• _AIM OF THE EXERCISE_
Without reproducing any image, print the listing below exactly.
+===+
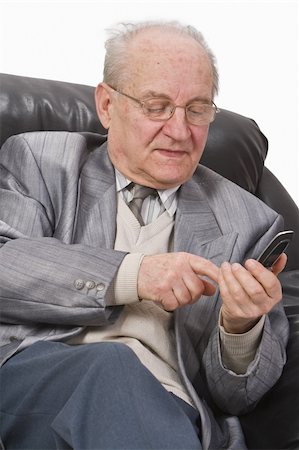 Close-up image of a senior man typing a message on his mobile phone.Shot with Canon 70-200mm f/2.8L IS USM Stock Photo - Budget Royalty-Free & Subscription, Code: 400-04506960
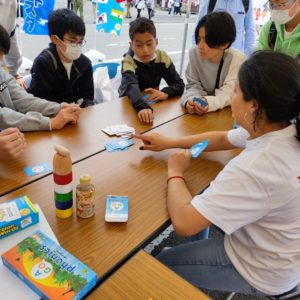 Children learning English by playing phonics cards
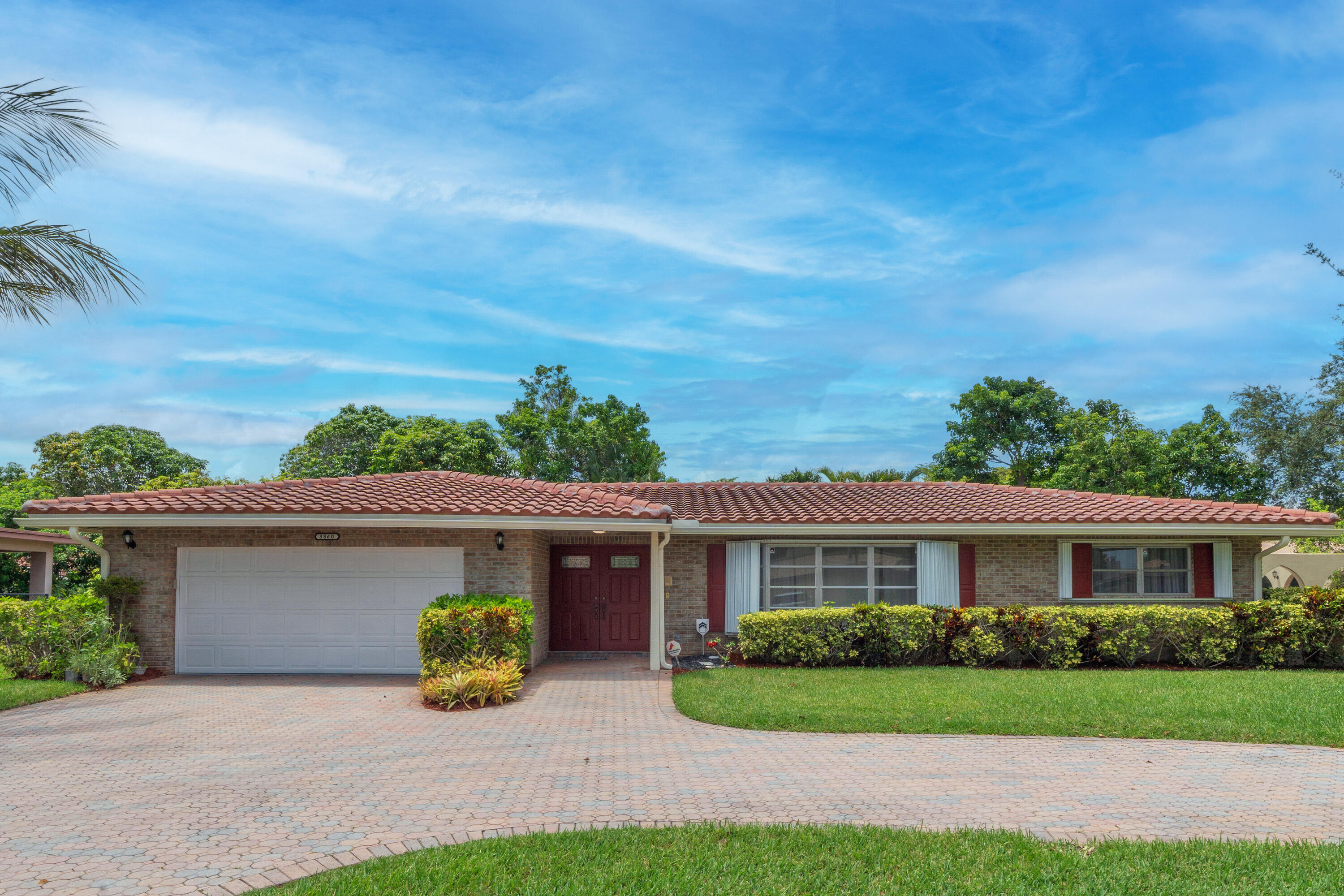 Beautiful 4-bedroom, 2 bath on an oversized 16,197 lot in the heart of Coral Springs! Updated residence with spacious split plan, abundant natural light, and generous Living/Dining areas, Gourmet Kitchen with lots of soft closing cabinets, Granite and Stainless, Breakfast Bar. The primary suite is a private retreat w/en-suite bath and abundant closets. Spectacular property with sweeping parklike land, corner lot with mature trees. Your own Oasis. Massive paver circular driveway, comfortably holds 6 cars. Meticulously cared for executive home with 14 year roof. A rare find!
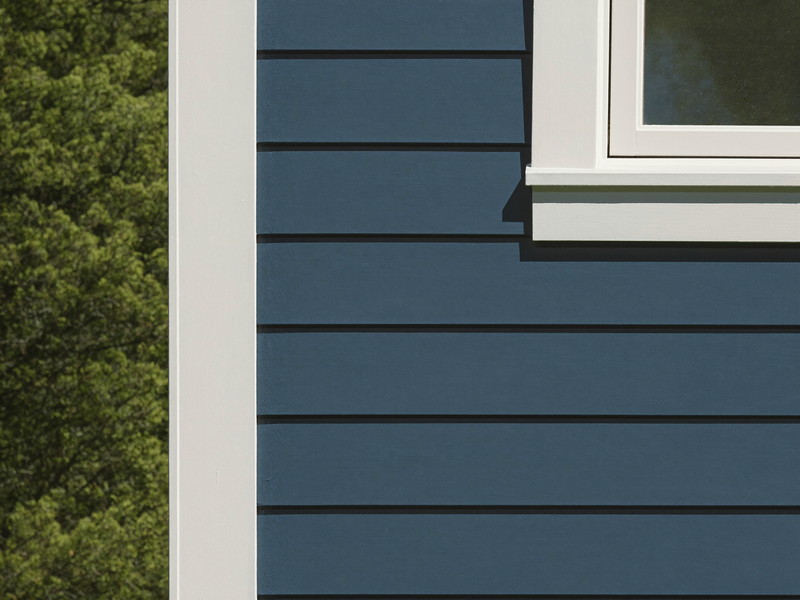 Sage green clapboard siding meeting a bright white corner board and window casing with sharp paint edges
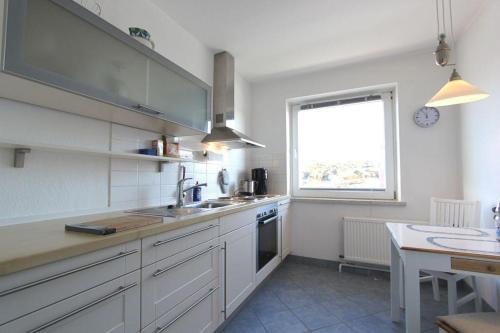 a kitchen with white cabinets and a sink and a window at Leuchtturm in Hörnum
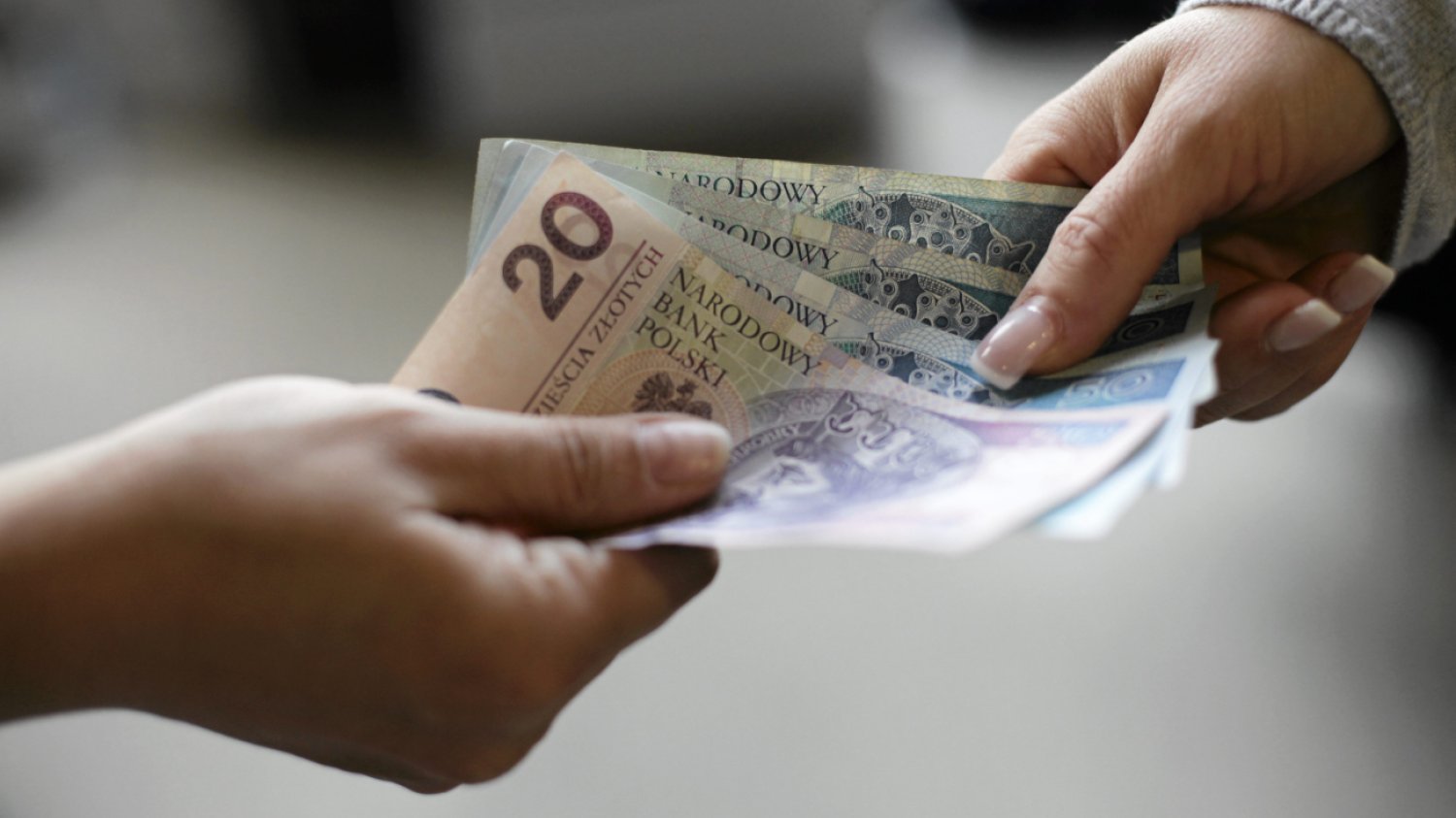 Ręce dwóch osób: jedna podaje drugiej kilkaset złotych w banknotach.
+===+
• _THE COMPLETED TASK_
 Close-up image of a senior man typing a message on his mobile phone.Shot with Canon 70-200mm f/2.8L IS USM Stock Photo - Budget Royalty-Free & Subscription, Code: 400-04506960
 Children learning English by playing phonics cards
 Beautiful 4-bedroom, 2 bath on an oversized 16,197 lot in the heart of Coral Springs! Updated residence with spacious split plan, abundant natural light, and generous Living/Dining areas, Gourmet Kitchen with lots of soft closing cabinets, Granite and Stainless, Breakfast Bar. The primary suite is a private retreat w/en-suite bath and abundant closets. Spectacular property with sweeping parklike land, corner lot with mature trees. Your own Oasis. Massive paver circular driveway, comfortably holds 6 cars. Meticulously cared for executive home with 14 year roof. A rare find!
 Sage green clapboard siding meeting a bright white corner board and window casing with sharp paint edges
 a kitchen with white cabinets and a sink and a window at Leuchtturm in Hörnum
 Ręce dwóch osób: jedna podaje drugiej kilkaset złotych w banknotach.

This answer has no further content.